- Born: Charles Sylvanus Rhyne 23 June 1912 near Charlotte, North Carolina, U.S.
- Died: 27 July 2003 (aged 91) McLean, Virginia, U.S.
- Education: Duke University George Washington University
- Occupation: Lawyer
- Known for: Baker v. Carr
- Spouse(s): Sue M. Cotton (d. 1974); Sarah P. Hendon
- Children: 4

= Charles S. Rhyne =

American lawyer who argued landmark case Baker v. Carr

Charles Sylvanus Rhyne (23 June 1912 – 27 July 2003) was an American lawyer whose arguments before the Supreme Court of the United States led to the landmark 1962 decision in Baker v. Carr.

== Early life ==
Rhyne was born on a cotton farm near Charlotte, North Carolina. He attended Duke University and its law school, where befriended classmate and future president Richard Nixon. Rhyne completed his legal education at George Washington University in Washington, D.C.. Before his legal career, he worked as a cowboy and prizefighter during the Great Depression.

== Legal career ==
Rhyne opened a law office in Washington, D.C. in 1937, developing a practice that focussed on aeronautical and municipal law. He became president of the Bar Association of the District of Columbia in 1955 and promoted its racial integration. In 1958, Rhyne was elected president of the American Bar Association, where he initiated the annual celebration of Law Day on May 1, in recognition of which he was on the cover of Time Magazine on May 5, 1958.

== Baker v. Carr ==
Rhyne played a central role in the landmark Baker v. Carr case, which transformed American electoral law. In the late 1950s, a group of urban voters in Tennessee challenged the state’s failure to redraw its legislative districts. The electoral boundaries of the districts had not changed since 1901 despite significant population growth in cities. Rhyne, then general counsel to the National Institute of Municipal Law Officers, agreed to represent them in their case against Tennessee Secretary of State Joseph Carr.
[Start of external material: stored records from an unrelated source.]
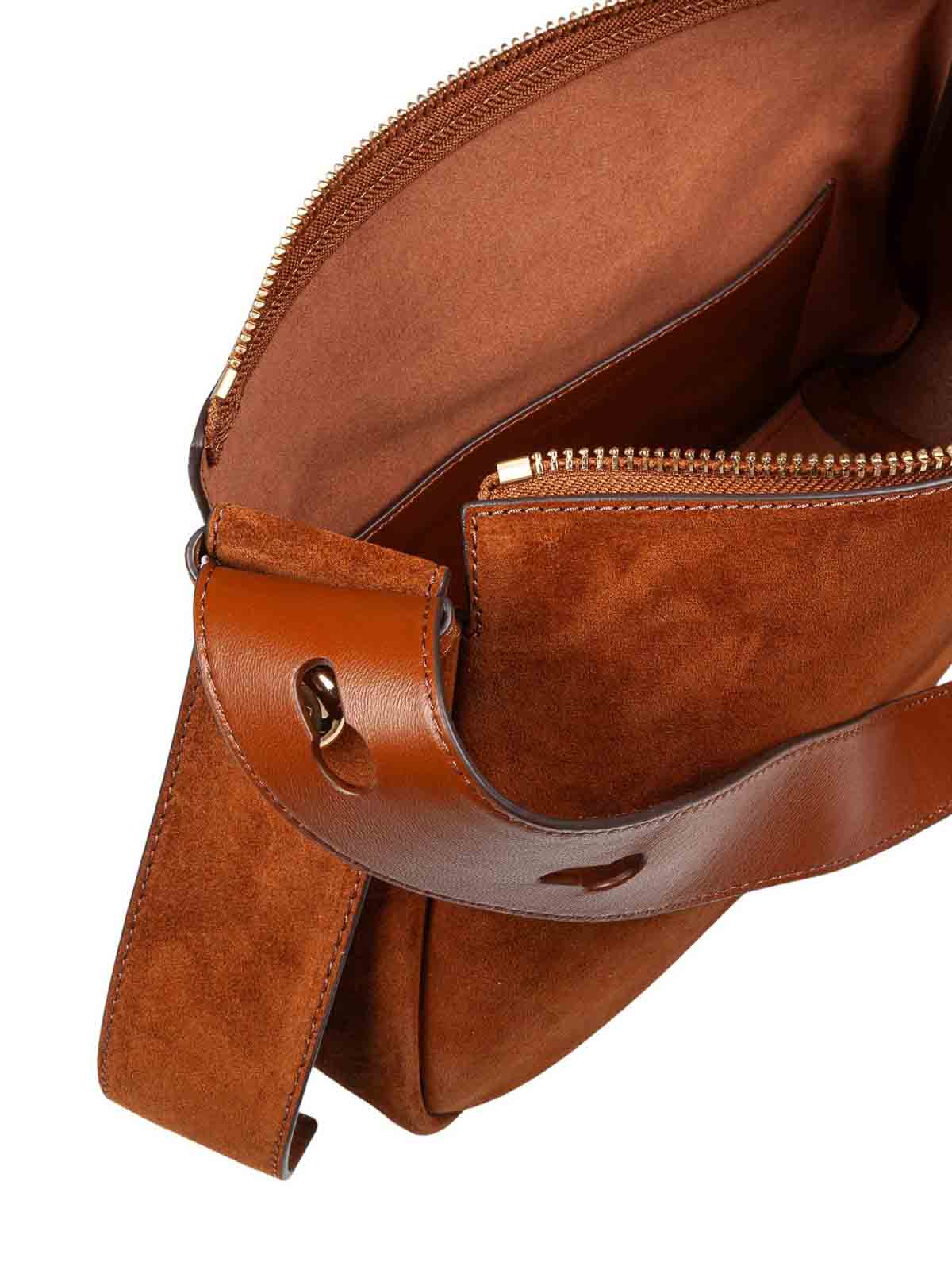 Tory Burch Romy Shoulder Bag In Suede Color Park Bench In Brown
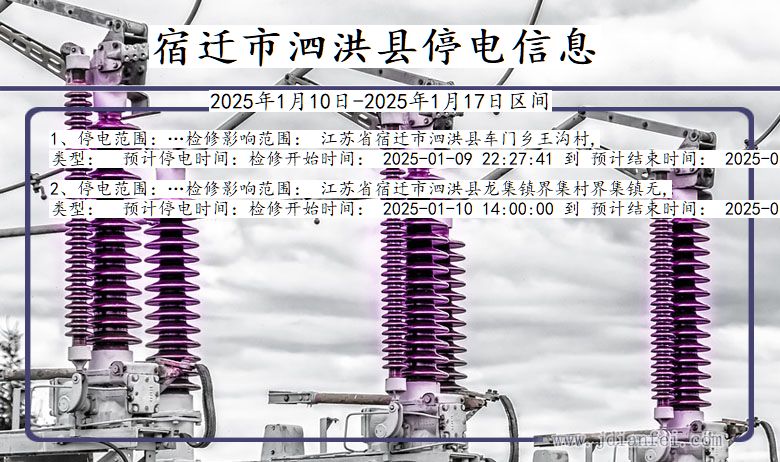 江苏省宿迁泗洪停电通知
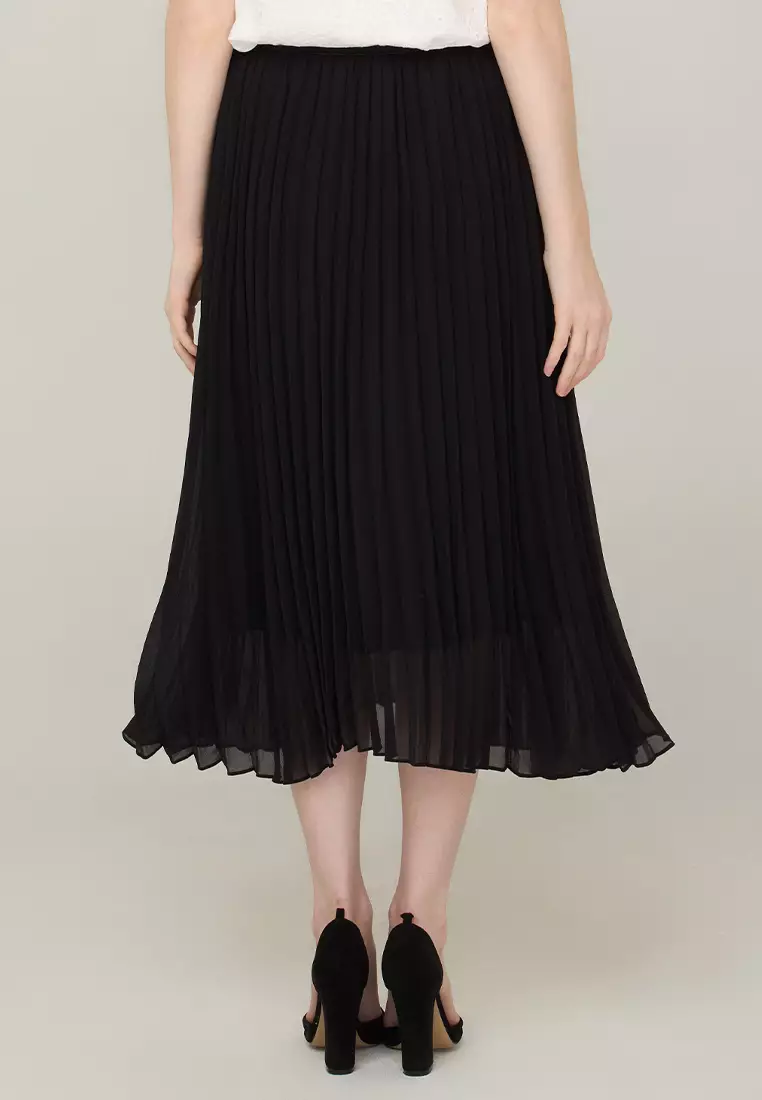 Ambherlynn A-Line Pleated Skirt  with Elastic Waist Band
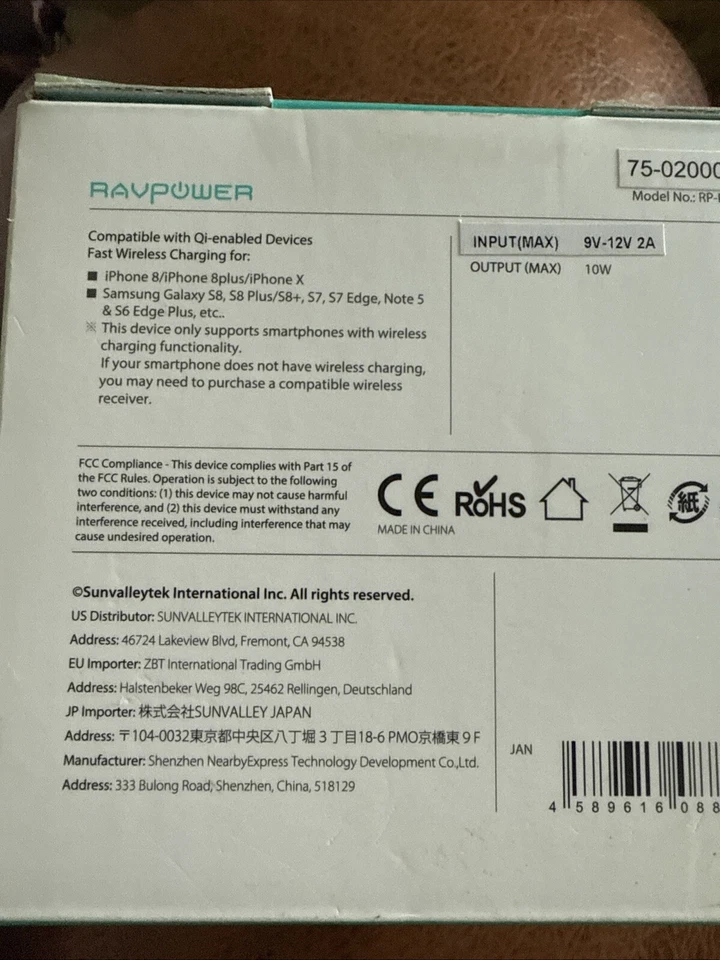 Almohadilla de carga rápida inalámbrica RAVPower RP-PC058 nueva caja abierta Foto 2 de 3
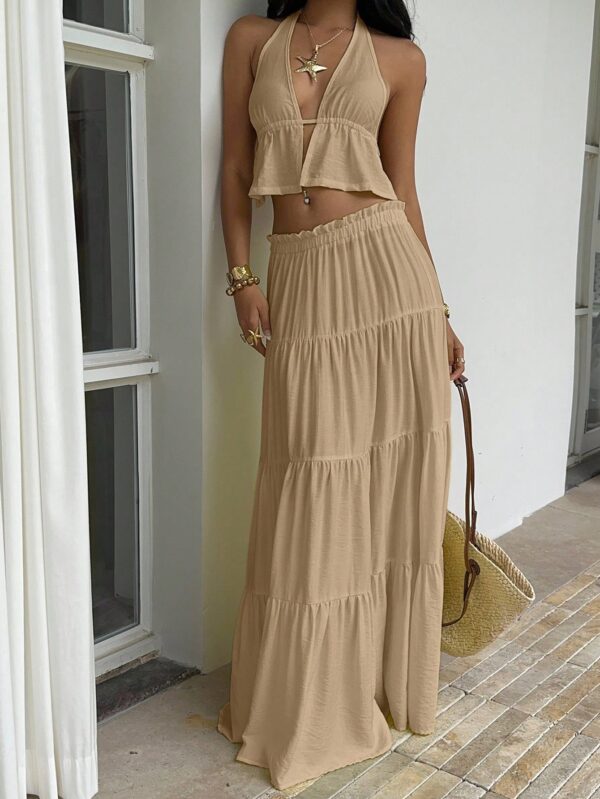 Linen Halter Camisole And Low Waist Maxi Skirt Set
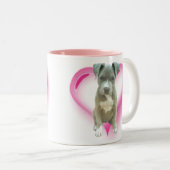 Blaue pitbull Welpen-Tasse Zweifarbige Tasse (VorderseiteRechts)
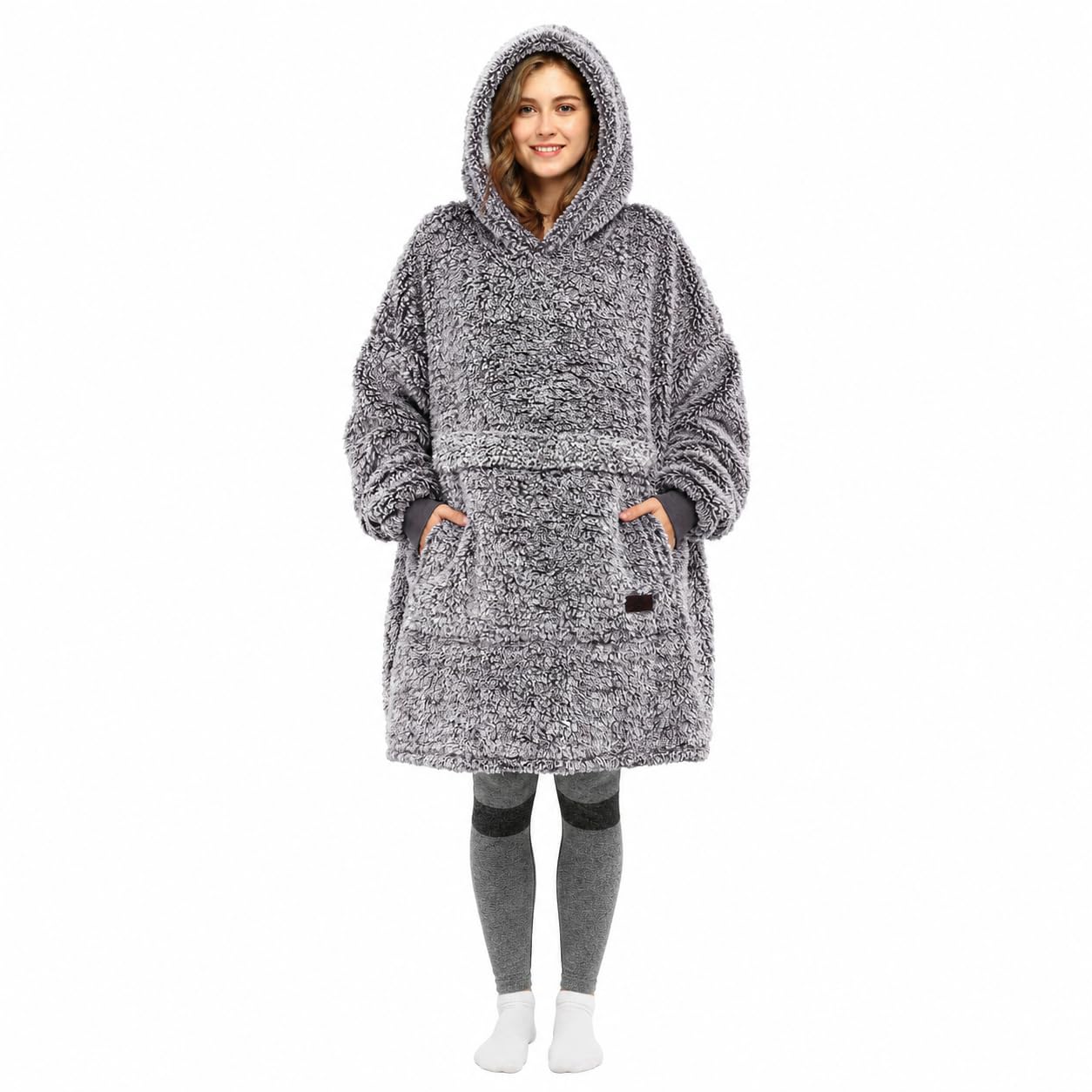 Catalonia front view of oversized blanket hoodie showing roomy fit and hood, promotes cozy warmth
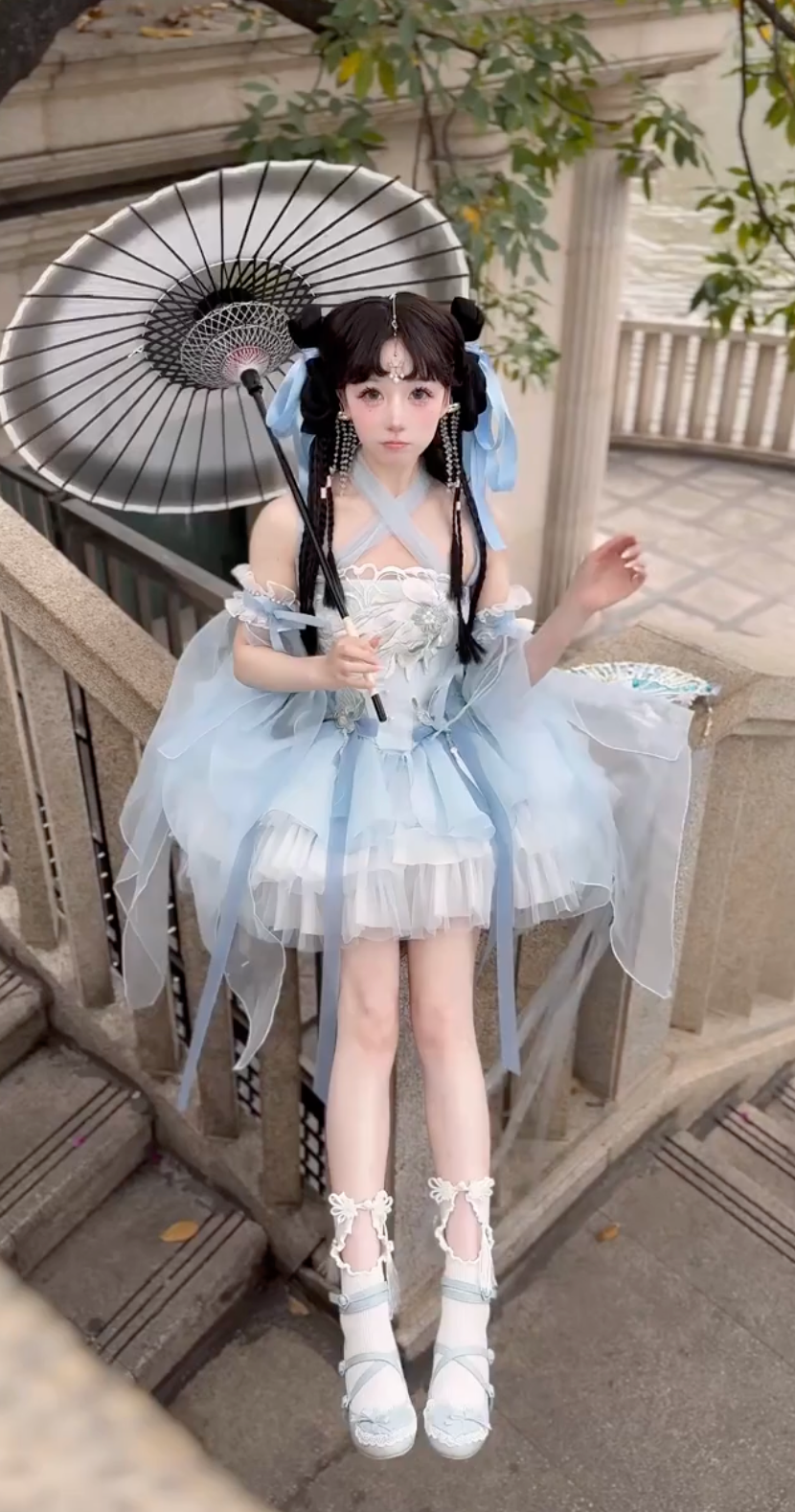 Celestial Lotus Doll JSK Set in Powder Blue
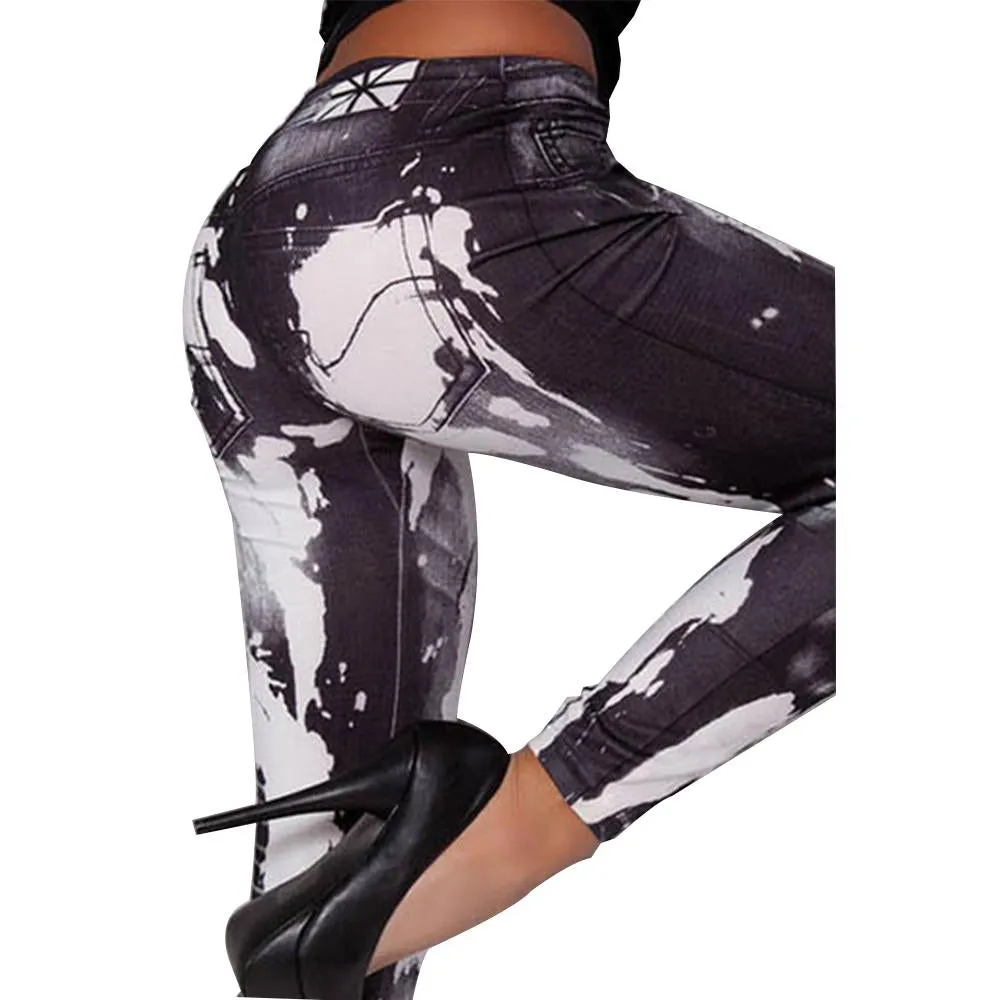 Jaune Stonewash Print Leggings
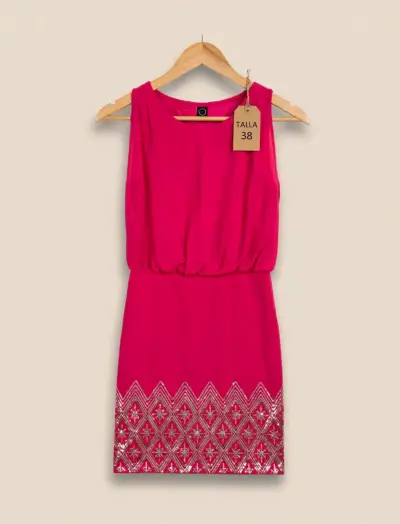 Vestido fucsia con bordado talla 38 - miniatura 1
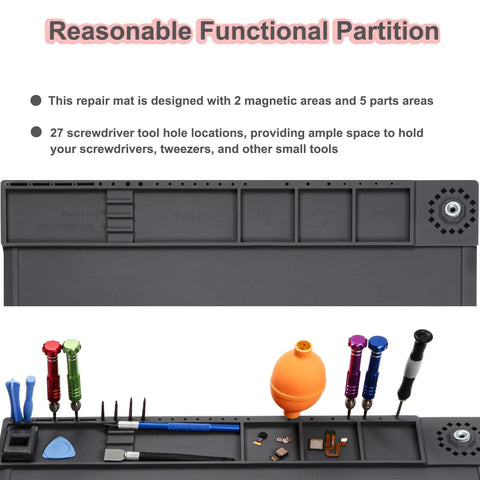 Pro Grade Silicone Soldering Mat With 932 Fahrenheit Heat Resistance, Expanding Repair Area And Magnetic Work Zone shown with tools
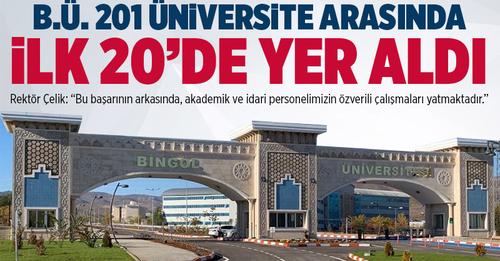 BİNGÖL ÜNİVERSİTESİNDEN BÜYÜK BAŞARI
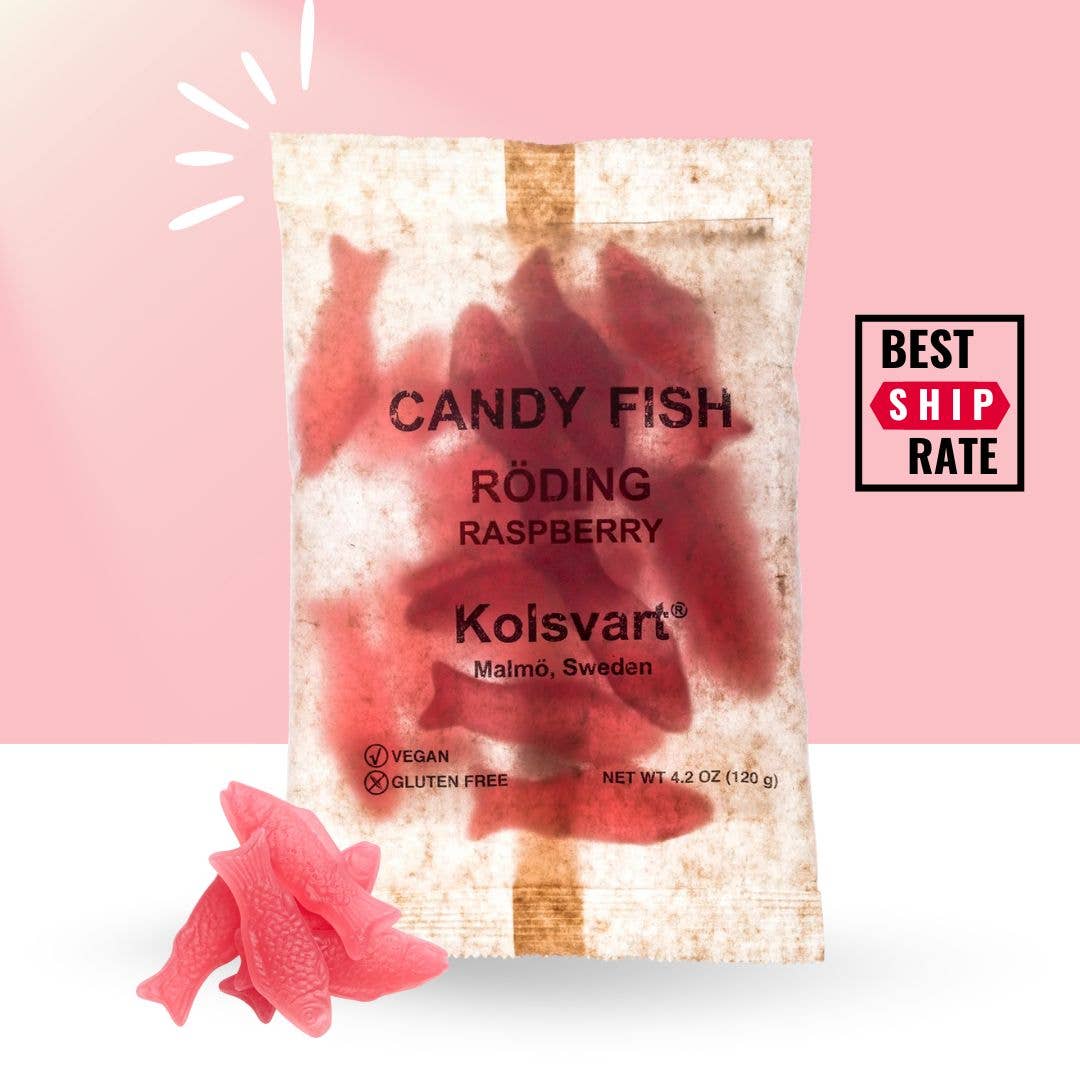 Casacella Foods - Wholesale Gummy - Kolsvart Roding Raspberry Candy Fish 4.25 oz (125 g)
Arguing that the outdated apportionment diluted urban votes and violated the Fourteenth Amendment’s equal protection clause, Rhyne persuaded the Supreme Court to hear the case in 1961. On 26 March 1962, the Court ruled 6–2 in favor of the plaintiffs, establishing that federal courts had jurisdiction over redistricting disputes, establishing the "one man, one vote" doctrine in American law. This decision led to widespread redrawing of electoral maps in the United States.

The then Chief Justice Earl Warren described the decision as one of the most significant of his tenure.

== Later life and death ==
In the 1970s, Rhyne served as President Nixon’s special ambassador to the United Nations High Commissioner for Refugees and later represented Rose Mary Woods during the Watergate scandal. He married Sue M. Cotton in 1932. After her death in 1974, he married Sarah P. Hendon. He died on 27 July 2003 at his home in McLean, Virginia, as a result of an accidental drowning.